The state that introduced the country to the idea of capping property taxes,appears ready to take on public sector unions. Here’s hoping that what’s happening in CA does as much for income and sales taxes as Prop 13 did for homeowners. Some backround.

First we have the city of Bell, CA. From the Sacramento Bee:

The Times reported that Bell’s city manager, Robert Rizzo, was earning nearly $800,000 in annual pay, making him the highest-paid government manager in the nation. Police Chief Randy Adams was paid $457,000 a year, and Assistant City Manager Angela Spaccia made $376,288.

Under pressure from residents, all three have resigned. At a City Council meeting Monday night, Bell residents are expected to push for the resignations of four of the five council members; each of the four makes $100,000 a year for a part-time job.

Next up on the hit parade is San Jose. From the Mercury News:

Amid nationwide outrage about public employee salaries, a divided San Jose City Council on Tuesday took aim at the city’s soaring compensation costs. As a result, voters this fall will decide whether to rework the city’s pension system and clamp down on costs for police and firefighters.

The council voted 7-4 to put a measure on the ballot that would change a three-decade-old policy giving outside arbitrators the final say in contract disputes with public safety workers. Mayor Chuck Reed says the policy has helped hike police and firefighter costs 99 percent since 2000, contributing to 10 consecutive years of deficits. Just last week, the city laid off 50 firefighters to help plug a $118.5 million shortfall.

How did the unions take the news?

Union members were stunned by the upset. For hours, they had pleaded with the council to delay putting the arbitration and pension measures on the ballot until the council, unions and community could study the issues further.
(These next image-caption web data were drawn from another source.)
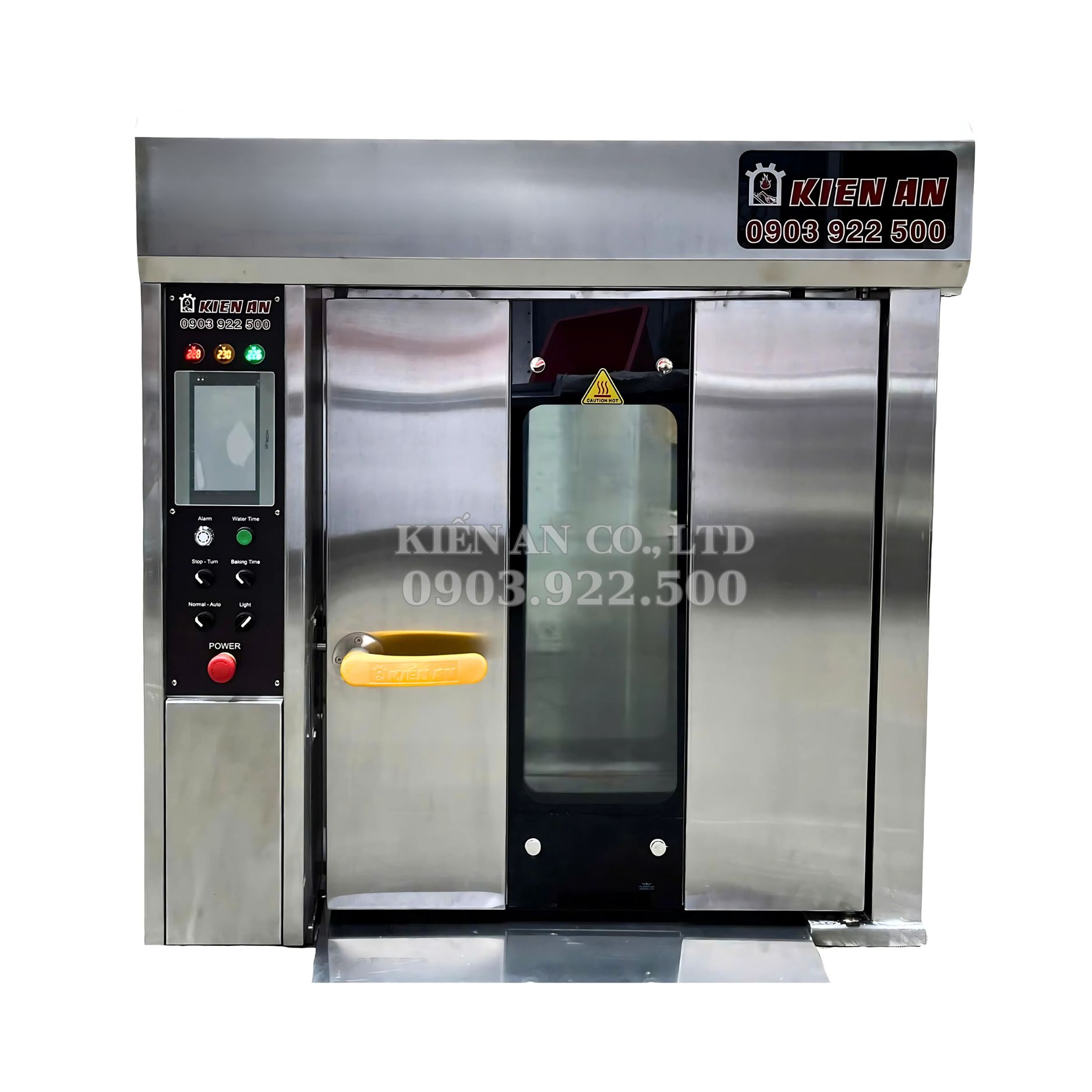 Lò nướng bánh mì xoay 6 khay - Ảnh 5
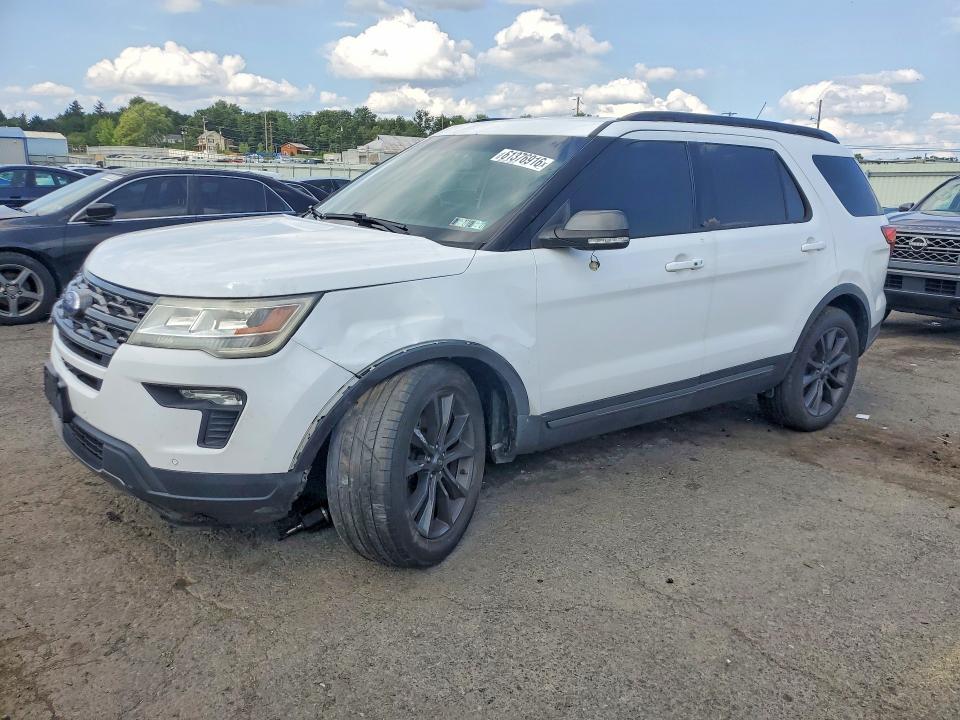 FORD EXPLORER 2018 with VIN 1FM5K7D84JGC40794 - Photo from auction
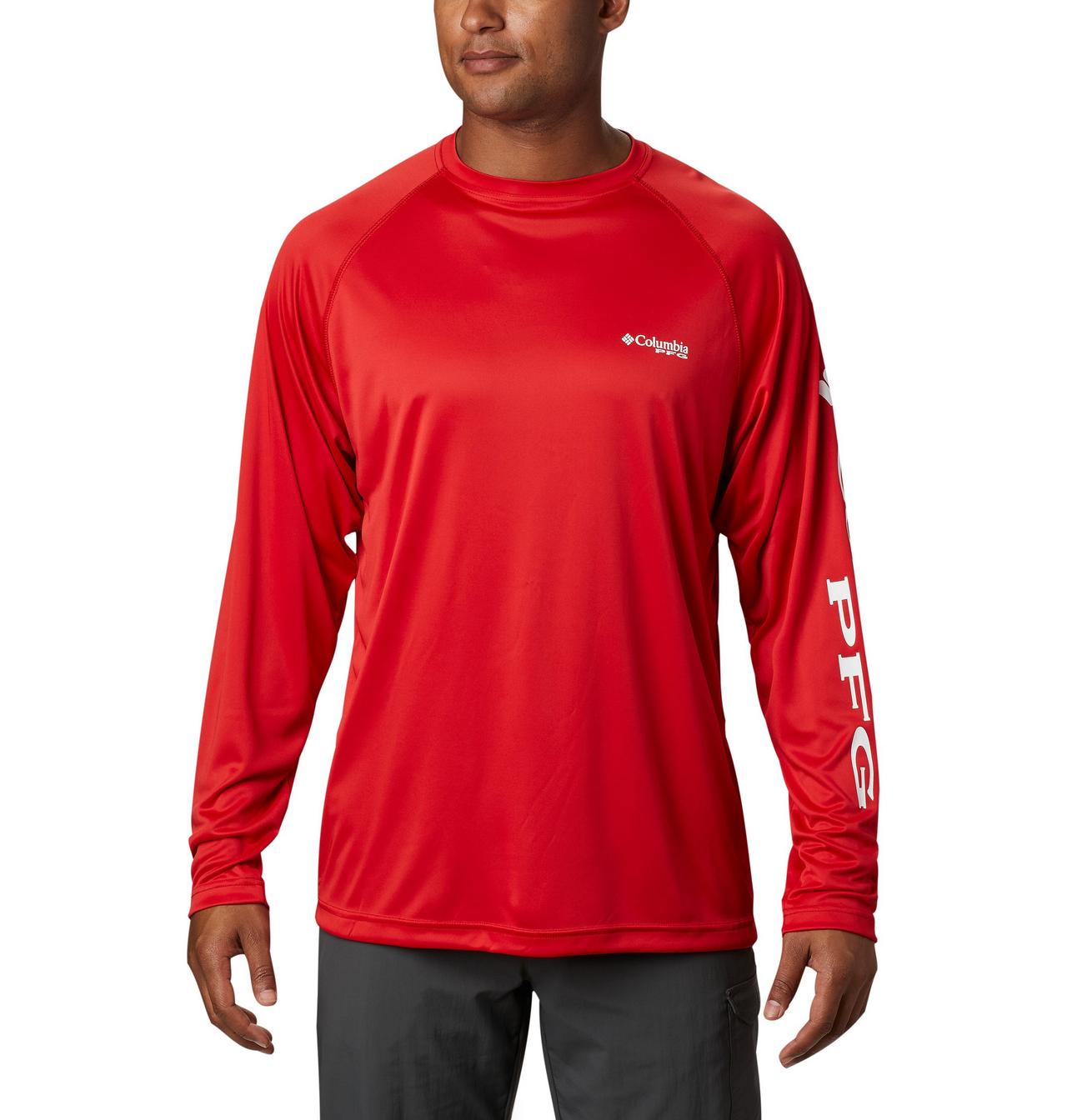Men's PFG Terminal Tackle™ Long Sleeve Shirt - Tall | 696 | 3XT 1
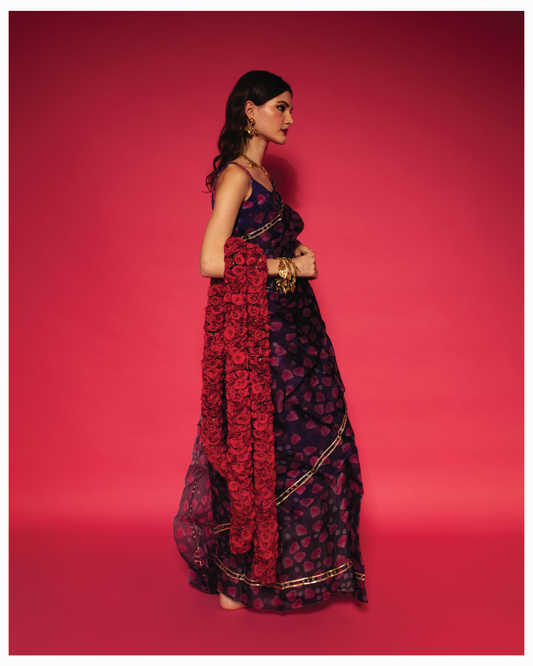 Ooty Roja Saree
“This was an object lesson in how to make bad law,” said Jody Meacham, spokesman for the South Bay AFL-CIO Labor Council. The measures, he said following the meeting, “have been cooked up in a hurry and will be presented to voters as some sort of solution to the city’s budget problems. Nobody knows if they are solutions or if they create more problems.”

Meaning if the unions lose the vote, they’ll sue. The mindset of public employees in this country seems to be “I don’t care if city, town or state X goes broke, I better get mine”.

Finally from the City of Angels. From the LA Times:

The cost of retirement benefits for Los Angeles city employees will grow by $800 million over the next five years, dramatically eroding the amount of money available for public services to taxpayers, according to a report issued Tuesday.
By 2015, nearly 20% of the city’s general fund budget is expected to go toward the retirement costs of police officers and firefighters, who now have an average retirement age of 51. The figure was 8% last year.

Once civilian employees are factored in, nearly a third of the city’s general fund could be consumed by retirement costs by 2015, Santana said.

“For every dollar you’re paying into your pension systems, you’re not paying into libraries, parks and various other city services,” Santana told the council.

Shortly after Santana’s presentation, the council voted to study the possibility of using employee-managed 401(k) investment plans — long favored by private industry — to provide a portion of the city’s retirement benefits.

Representatives of the city’s public safety unions warned officials not to rush to judgment on fixes to the pension problem.

“I highly recommend that we go very slow on this issue,” said Peter Repovich, director of the Los Angeles Police Protective League, which represents rank-and-file officers. “It seems there’s a lot of group-think going on across the state and the nation” on the issue.

The taxpayers across this nation simply can’t afford the outsized paychecks and pensions that public unions have negotiated with elected officials that they largely helped put in office in the first place. For good and for ill, California sets trends for the rest of our nation. Here’s hoping that the days of public union employees being untouchable end and that the latest $26 billion bailout for states to ensure full employment for public sector unions is the last.

The days of politicians and unions playing “You scratch my back and I’ll scratch yours” at the expense of the taxpayer are going to come to an end; it’s just a question of how and when because the current path is “unsustainable”.